Copyright © 2014 by authors and Scientific Research Publishing Inc.

This work is licensed under the Creative Commons Attribution International License (CC BY).

http://creativecommons.org/licenses/by/4.0/

Received 14 January 2014; revised 14 February 2014; accepted 22 February 2014

ABSTRACT

Experimental residence time distribution (RTD) measurement and computational fluid dynamics (CFD) simulation are the best methods to study the hydrodynamics of process flow systems. However, CFD approach leads to better understanding of the flow structure and extent of mixing in stirred tanks. In the present study, CFD models were used to simulate the flow in an industrial gold leaching tank. The objective of the investigation was to characterize the flowfield generated within the tank after process intensification. The flow was simulated using an Eulerian-Eulerian multi-fluid model where the RANS standard 𝒌-ε mixture model and a multiple reference frame approach were used to model turbulence and impeller rotation respectively. The simulated flowfield was found to be in agreement with the flow pattern of pitched blade axial-flow impellers that was used for mixing. The leaching tank exhibited good “off-bottom suspension” which reveals minimum deposition of gold ore particles on the bottom of the leaching tanks. Simulation results were consistent with experimental results obtained from a radioactive tracer investigation. CFD approach gave a better description of the flow structure and extent of mixing in a leaching tank. Hence it could be a preferred approach for flow system analysis where the cost of experimentation is high.

**Keywords:**Residence Time Distribution, Computational Fluid Dynamics, Navier Stokes Equations, Eulerian-Eulerian Multi-Fluid Model, RANS Standard k-ε Mixture Model, Multiple Reference Frame

1. Introduction

Gold leaching tanks are typical continuously stirred tank reactors (STRs) that are used in the metallurgical industry to recover gold from the ore.
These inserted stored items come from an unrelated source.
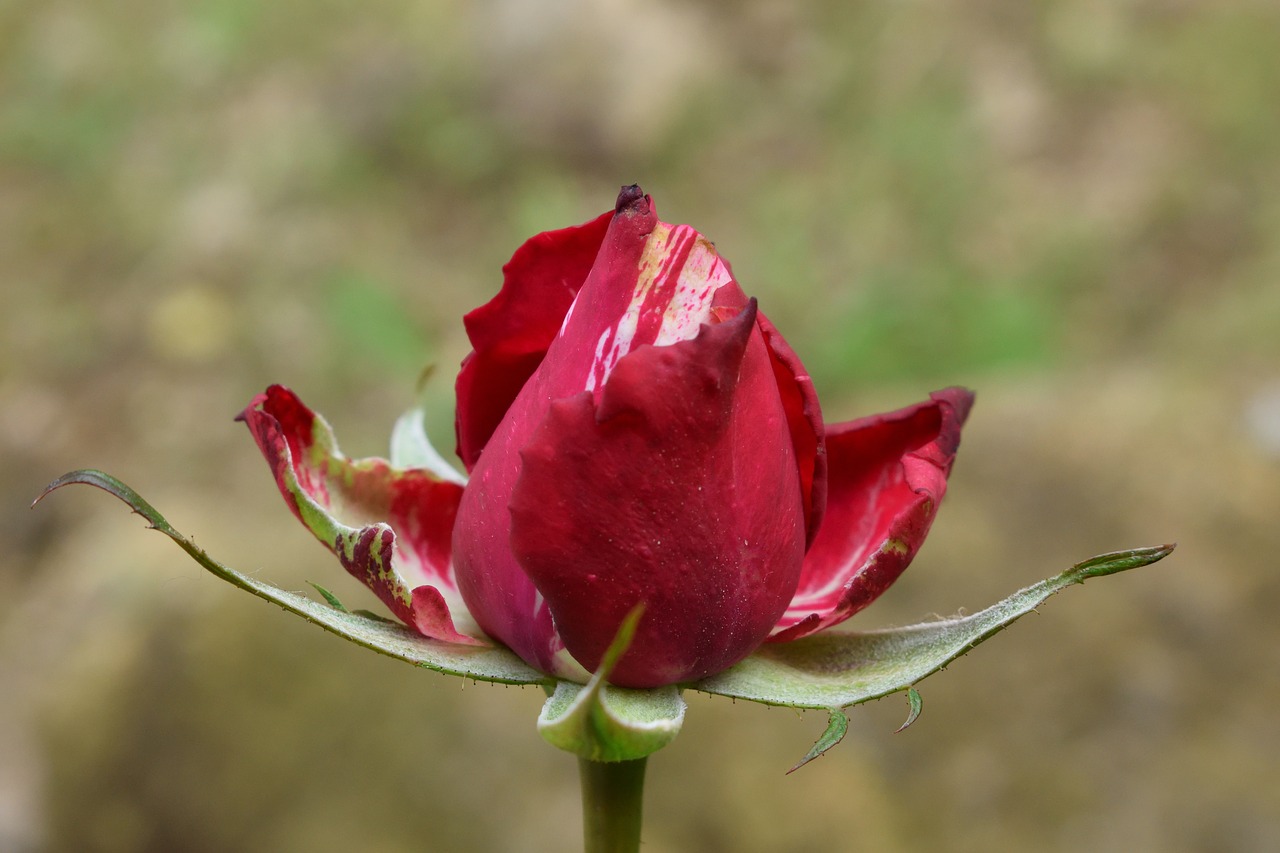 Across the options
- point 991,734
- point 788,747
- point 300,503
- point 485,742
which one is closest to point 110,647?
point 485,742

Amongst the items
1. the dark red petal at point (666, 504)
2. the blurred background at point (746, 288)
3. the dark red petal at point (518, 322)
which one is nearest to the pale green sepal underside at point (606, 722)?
the dark red petal at point (666, 504)

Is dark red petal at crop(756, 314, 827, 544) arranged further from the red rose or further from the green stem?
the green stem

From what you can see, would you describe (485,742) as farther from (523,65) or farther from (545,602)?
(523,65)

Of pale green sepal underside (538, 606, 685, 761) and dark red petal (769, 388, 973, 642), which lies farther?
dark red petal (769, 388, 973, 642)

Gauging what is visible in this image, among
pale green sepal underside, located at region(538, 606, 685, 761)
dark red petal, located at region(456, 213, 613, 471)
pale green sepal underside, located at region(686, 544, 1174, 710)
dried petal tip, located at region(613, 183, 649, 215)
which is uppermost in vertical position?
dried petal tip, located at region(613, 183, 649, 215)

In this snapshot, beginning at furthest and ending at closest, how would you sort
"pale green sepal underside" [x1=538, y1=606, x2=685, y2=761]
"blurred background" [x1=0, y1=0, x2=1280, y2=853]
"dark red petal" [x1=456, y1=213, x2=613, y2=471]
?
"blurred background" [x1=0, y1=0, x2=1280, y2=853], "dark red petal" [x1=456, y1=213, x2=613, y2=471], "pale green sepal underside" [x1=538, y1=606, x2=685, y2=761]

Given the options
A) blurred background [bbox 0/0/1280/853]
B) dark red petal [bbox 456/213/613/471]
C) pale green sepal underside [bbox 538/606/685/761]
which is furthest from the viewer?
blurred background [bbox 0/0/1280/853]

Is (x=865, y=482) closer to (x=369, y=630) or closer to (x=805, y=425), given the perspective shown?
(x=805, y=425)

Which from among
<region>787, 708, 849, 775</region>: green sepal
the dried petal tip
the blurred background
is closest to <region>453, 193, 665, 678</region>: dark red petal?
the dried petal tip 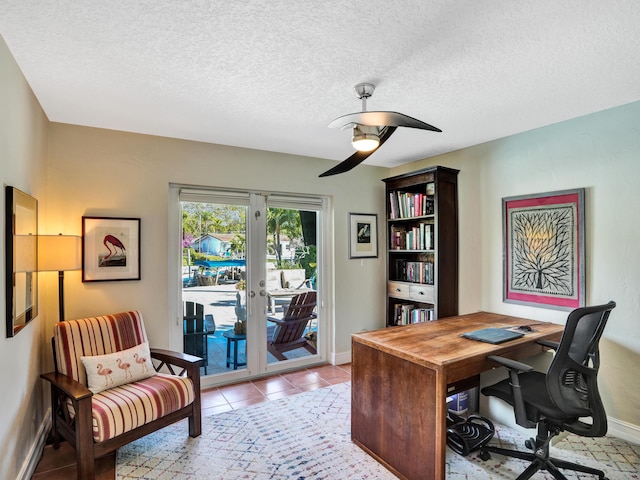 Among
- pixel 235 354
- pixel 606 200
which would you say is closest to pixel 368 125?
pixel 606 200

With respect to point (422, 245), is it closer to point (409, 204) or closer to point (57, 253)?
point (409, 204)

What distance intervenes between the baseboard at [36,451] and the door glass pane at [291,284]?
1.95 meters

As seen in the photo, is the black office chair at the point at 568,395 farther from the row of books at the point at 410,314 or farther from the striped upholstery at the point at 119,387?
the striped upholstery at the point at 119,387

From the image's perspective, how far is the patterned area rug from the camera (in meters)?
2.25

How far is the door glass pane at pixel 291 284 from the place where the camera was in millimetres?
3982

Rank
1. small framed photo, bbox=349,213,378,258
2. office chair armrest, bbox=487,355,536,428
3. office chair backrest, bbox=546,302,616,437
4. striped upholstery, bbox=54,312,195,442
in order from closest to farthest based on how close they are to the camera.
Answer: office chair backrest, bbox=546,302,616,437
office chair armrest, bbox=487,355,536,428
striped upholstery, bbox=54,312,195,442
small framed photo, bbox=349,213,378,258

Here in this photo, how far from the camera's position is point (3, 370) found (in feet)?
5.93

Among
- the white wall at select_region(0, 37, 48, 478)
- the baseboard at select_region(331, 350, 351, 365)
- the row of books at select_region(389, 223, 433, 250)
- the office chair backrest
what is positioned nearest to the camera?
the white wall at select_region(0, 37, 48, 478)

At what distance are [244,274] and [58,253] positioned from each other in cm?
173

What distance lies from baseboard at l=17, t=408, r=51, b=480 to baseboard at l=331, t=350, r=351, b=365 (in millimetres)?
2675

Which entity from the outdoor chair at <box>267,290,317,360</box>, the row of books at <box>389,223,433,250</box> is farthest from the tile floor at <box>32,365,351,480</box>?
the row of books at <box>389,223,433,250</box>

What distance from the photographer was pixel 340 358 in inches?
169

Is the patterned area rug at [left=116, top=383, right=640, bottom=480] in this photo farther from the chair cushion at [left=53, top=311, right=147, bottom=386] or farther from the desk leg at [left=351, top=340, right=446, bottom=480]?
the chair cushion at [left=53, top=311, right=147, bottom=386]

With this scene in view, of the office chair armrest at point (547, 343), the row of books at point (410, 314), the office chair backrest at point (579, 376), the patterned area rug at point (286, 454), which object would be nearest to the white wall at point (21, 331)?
the patterned area rug at point (286, 454) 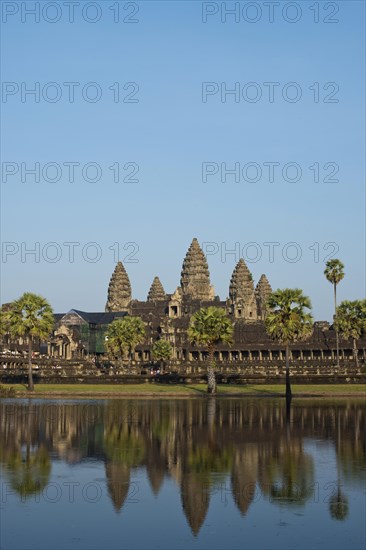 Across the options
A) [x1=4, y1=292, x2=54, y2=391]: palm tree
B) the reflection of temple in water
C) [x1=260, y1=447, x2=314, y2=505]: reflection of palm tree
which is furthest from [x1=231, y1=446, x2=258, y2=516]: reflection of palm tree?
[x1=4, y1=292, x2=54, y2=391]: palm tree

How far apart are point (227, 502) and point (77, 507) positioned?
4.99 meters

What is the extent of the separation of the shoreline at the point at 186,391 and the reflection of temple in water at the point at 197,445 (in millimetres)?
14565

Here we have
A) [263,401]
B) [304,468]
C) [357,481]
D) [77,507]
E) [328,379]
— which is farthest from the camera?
[328,379]

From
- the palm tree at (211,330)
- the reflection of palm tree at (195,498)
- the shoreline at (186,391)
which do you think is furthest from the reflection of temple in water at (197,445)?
the palm tree at (211,330)

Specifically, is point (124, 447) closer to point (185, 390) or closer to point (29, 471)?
point (29, 471)

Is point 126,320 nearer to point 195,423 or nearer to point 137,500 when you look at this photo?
point 195,423

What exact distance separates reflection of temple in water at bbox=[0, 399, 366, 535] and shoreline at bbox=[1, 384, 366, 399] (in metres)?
14.6

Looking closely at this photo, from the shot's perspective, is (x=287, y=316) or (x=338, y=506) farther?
(x=287, y=316)

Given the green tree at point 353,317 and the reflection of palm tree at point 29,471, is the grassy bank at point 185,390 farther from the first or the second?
the reflection of palm tree at point 29,471

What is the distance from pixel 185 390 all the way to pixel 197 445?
49.0m

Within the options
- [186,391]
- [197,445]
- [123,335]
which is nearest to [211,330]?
[186,391]

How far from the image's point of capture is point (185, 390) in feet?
305

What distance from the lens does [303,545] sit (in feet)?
76.0

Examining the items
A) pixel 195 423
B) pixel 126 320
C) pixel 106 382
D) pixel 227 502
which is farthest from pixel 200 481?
pixel 126 320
The tanks are used for mixing and contacting between gold ore particles and leaching agents by means of turbulent agitation of impellers. The impeller-induced flow is known to be very complex in nature [1] -[3] . Therefore the flow structure in question is extremely complex and it is greatly challenging to predict mixing in solid-liquid contactors. In order to determine the quality and efficiency of gold recovery it is necessary to determine the flow structure in the tanks. The determination of flow structure leads to the quantification of malfunctions that hamper the mixing, lower contactor efficiency and cause several adverse effects on product quality.
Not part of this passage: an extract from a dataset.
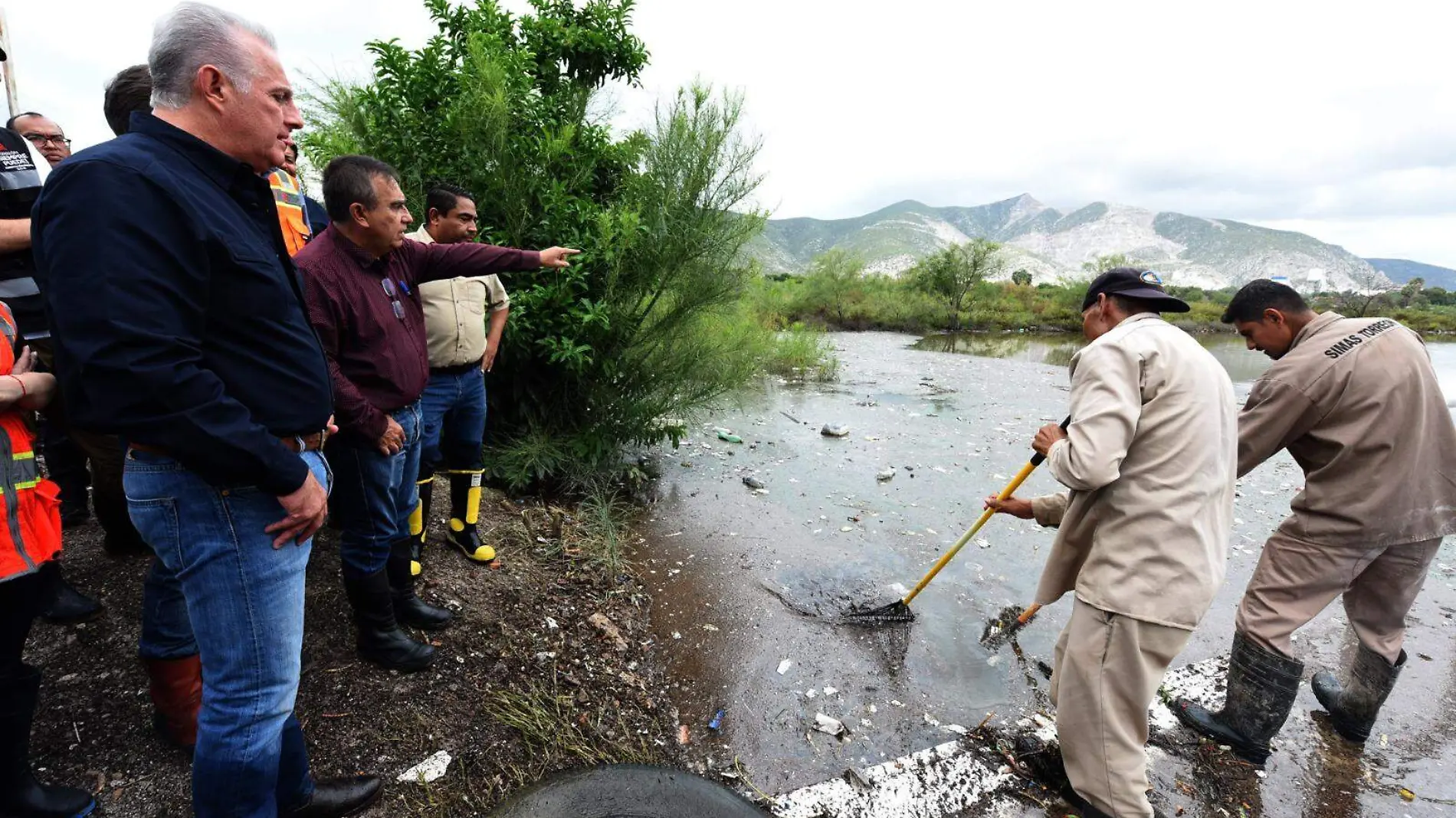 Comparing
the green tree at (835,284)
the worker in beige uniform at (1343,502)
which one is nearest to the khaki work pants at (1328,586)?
the worker in beige uniform at (1343,502)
Generally, the study of flow structure in stirred tanks can be conducted using experimental and numerical methods. Thus, classifying fluid hydrodynamic studies into two parts namely, experimental fluid dynamics (EFD) and computational fluid dynamics (CFD) [4] [5] . Among the EFD techniques, analysis of residence time distribution (RTD) determined from a suitable tracer experiment provides the best indication of flow patterns and mixing properties of any STR [6] . However, experimental RTD technique does not provide an explicit and detail picture of the flow structure in the system [7] . Therefore, to address the problems associated with the complexity of flow generated in industrial systems CFD is used to produce visual images of the flowfield, thus making it easier to determine the flow structure and identify possible flow malfunctions. CFD simulation in stirred tanks involves solving the macroscopic balance equations of mass (continuity) and momentum (also known as the Navier Stokes equations) that describe fluid flow in a system.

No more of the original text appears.